The attorney laughed. “You’ve been watching too much TV, Lauren. This is not a trial. The judge usually just reviews the paperwork and approves it. I am only here to respond to questions and ensure the probate process continues to move forward. If your sister wants to object to anything, she will have to do it in accordance with the rules set forth by the court. She cannot just challenge your appointment without cause.”
A disappointed look crossed Lauren’s face, then she smiled. “Maybe we’ll get lucky and a mysterious, unknown stranger will show up and claim to be the brother I never knew I had. That could throw a real wrench into things.”
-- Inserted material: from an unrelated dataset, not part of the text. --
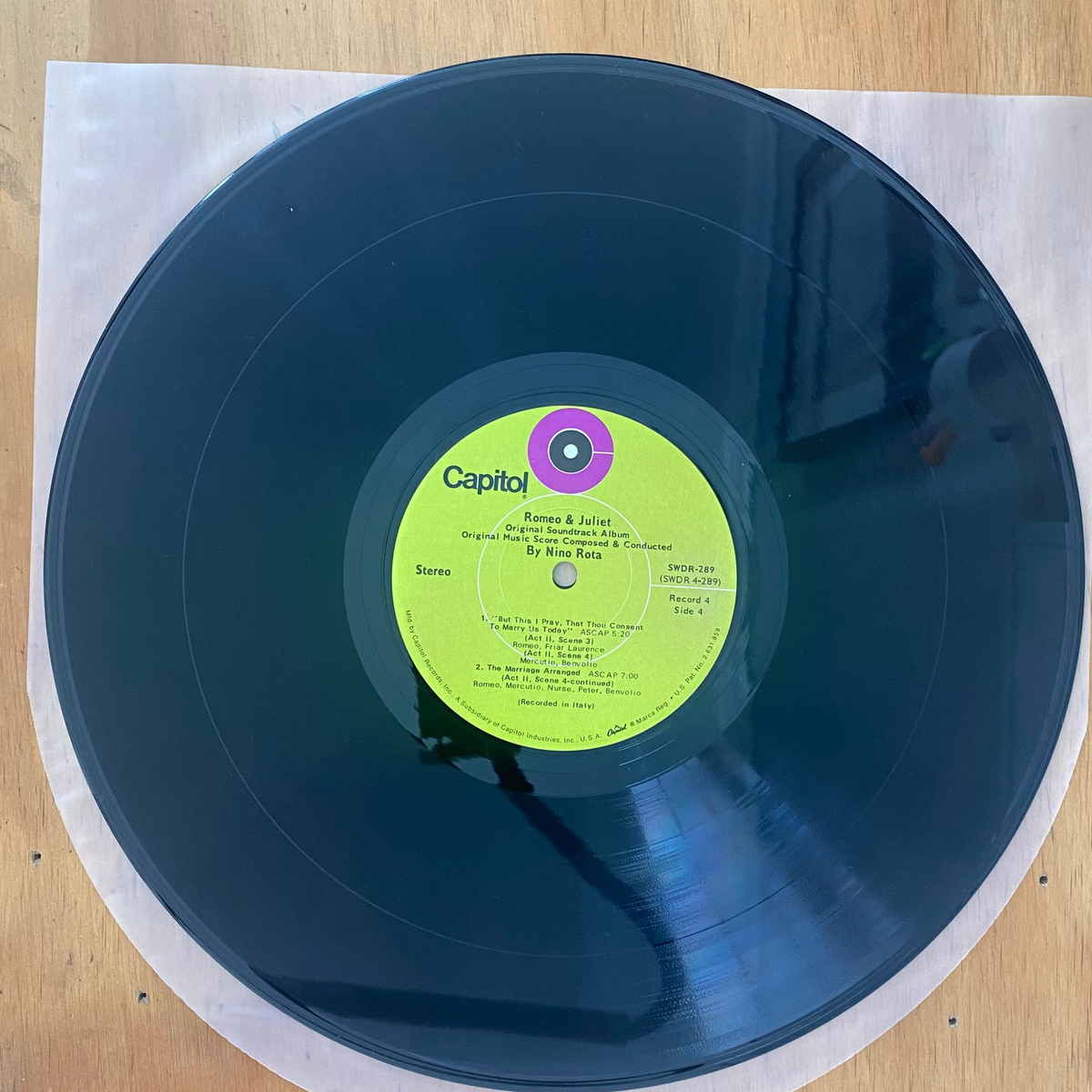 Nino Rota<br> Romeo & Juliet: Complete Motion Picture Soundtrack 1972 <br> Capitol Records – SWDR-289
The lawyer shook her head and chuckled. “Lauren, we are only here for one reason and one reason only. To get approval to begin administering your father’s estate. If an unknown heir shows up—and that is very unlikely—we will deal with it when it occurs. But your father’s will is pretty specific. There is no indication that other heirs exist.”
Lauren sighed. This is so disappointing.
Probate Court hearings tend to be very simple and uneventful. Disputes and objections are rare. Often, the only reason to go to court is to secure the judge’s permission to act or submit paperwork for the judge’s approval. These simple steps are what keeps the probate process moving forward. And they are steps that can be taken only with the judge’s approval.
Very few trials occur in Probate Court simply because every effort is made to resolve disputes and challenges before they are brought before a judge. Settling an estate is a straightforward process, consisting of established steps and scheduled deadlines. It is the executor’s job to ensure that all tasks are successfully completed on a timely basis. When the required paperwork is completed and submitted to the court, the judge is most likely to review and approve it without any discussion. In fact, the Executor is often not even required to be present. The attorney handles everything.
Of course, there are rare instances of drama. The heirs may disagree over the sale of a property or their share of the estate. Those disinherited or omitted from a will may challenge the validity of that document. Some heirs may question the influence one relative had over the decedent and claim that the relative used that influence to unfairly enrich themselves. For whatever reason, estate matters can bring out the best and the worst in people, and when families are involved, unresolved issues and bad relationships can create tension and sometimes, outright animosity.
Such drama disrupts the probate process and often, creates significant delay. For that reason, when such disagreements occur, many probate courts send the parties to mediation. It is only when mediation is unsuccessful that matters proceed to a trial.
This lack of drama is a good thing. It ensures that the estate is settled in a timely fashion. And that permits the heirs to enjoy the decedent’s legacy, as intended.